Puppet Tasks

Introduction

Puppet Tasks are containers for commands, much like Choria Agents they have metadata that can describe their inputs and outputs and they are distributed using the Puppet Forge.

These can be much easier to write than Choria Agents as their metadata is very light weight and can progressively become more complex as your needs grow. Tasks can be written using any Programming Language.

Tasks are distributed using the Puppet Forge and one can search for all modules with tasks.

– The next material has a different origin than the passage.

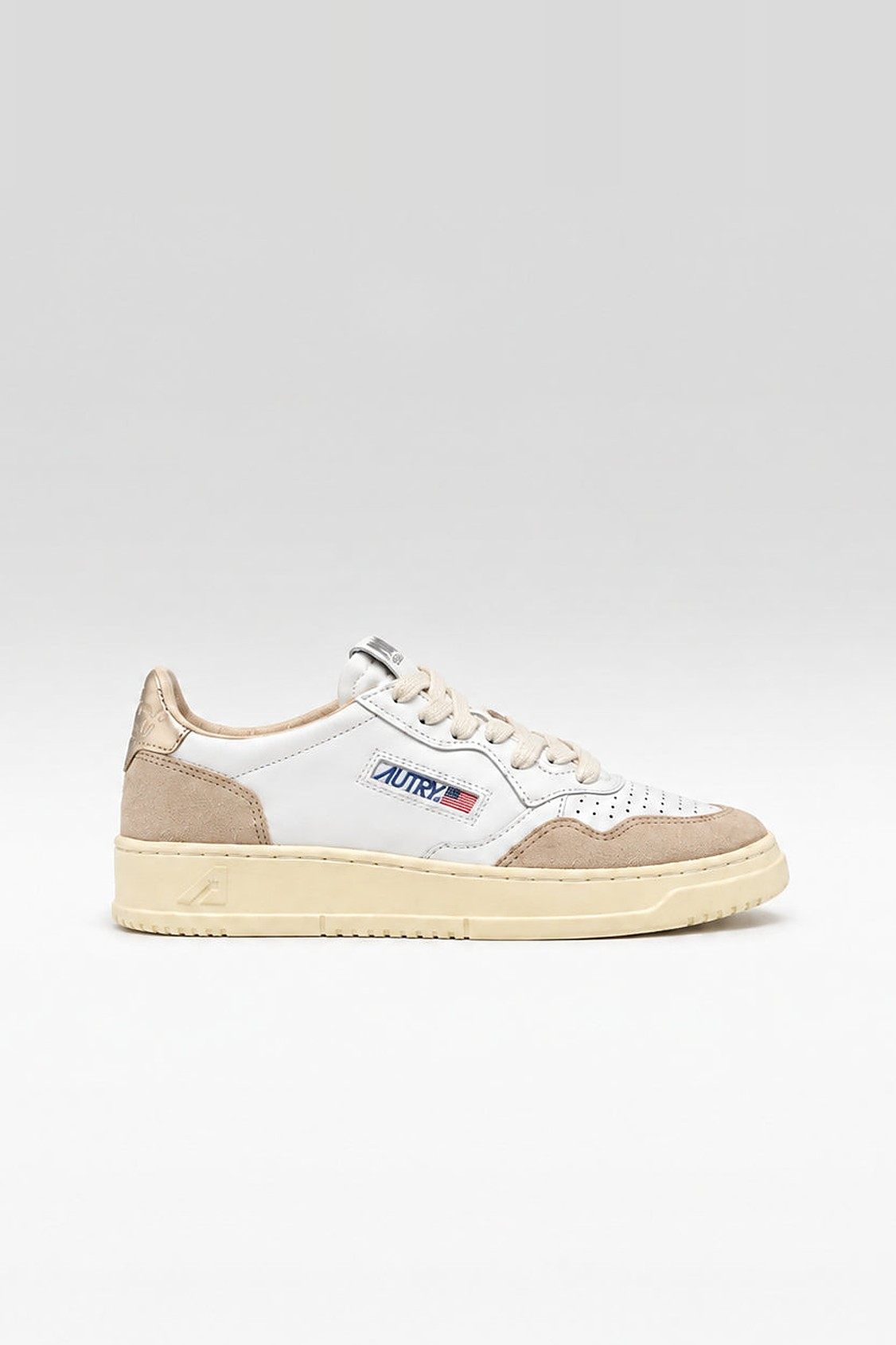 Baskets Medalist Low Wom Gold & Beige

Choria provides support for tasks as a new first class agent type, accessible over the normal RPC api and provides a rich CLI.

Benefits

Choria provides support for Puppet Tasks to the Open Source Community, it provides a strong enterprise focussed workflow with the following features:

  • Tasks are downloaded from the Puppet Server to the nodes. You have a single point of code management and it’s not 100s of admins’ home directories
  • Does not need SSH or direct access to nodes
  • Individual Tasks are subject to Role Based Access Control using the standard Action Policy
  • Individual Task invocations are audited using the standard Choria Auditing
  • Tasks run in the background and are suitable for long running actions like system updates
  • An mco tasks command that behaves like a typical mcollective utility
  • Tasks can be used from your ruby code or playbooks using the bolt_tasks agent

Demonstration

The pages in this section will provide a thorough reference for this feature, you can also watch a video showcasing the capabilities of Puppet Tasks in Choria

Status

At present I consider this feature a mature feature, it’s functional and complete, but we do have a few key issues outstanding.

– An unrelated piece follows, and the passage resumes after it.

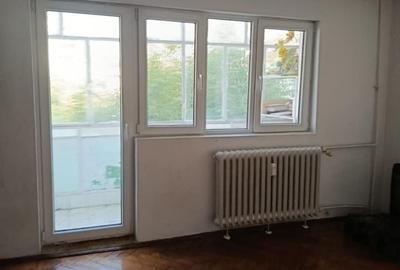 Apartament cu 3 camere decomandat în Girocului - 13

The reason this took several months to ship is because I needed to ensure we have strong input validation. Today we do have strong input validation on the client but on the nodes we do not have it. There’s a major short coming in the Puppet Server APIs in that it does not tell us what version of metadata we look at and so there are trivial timing based problems. Until the feature I requested is implemented in Puppet Server a strong reliable server side input validation method is impossible.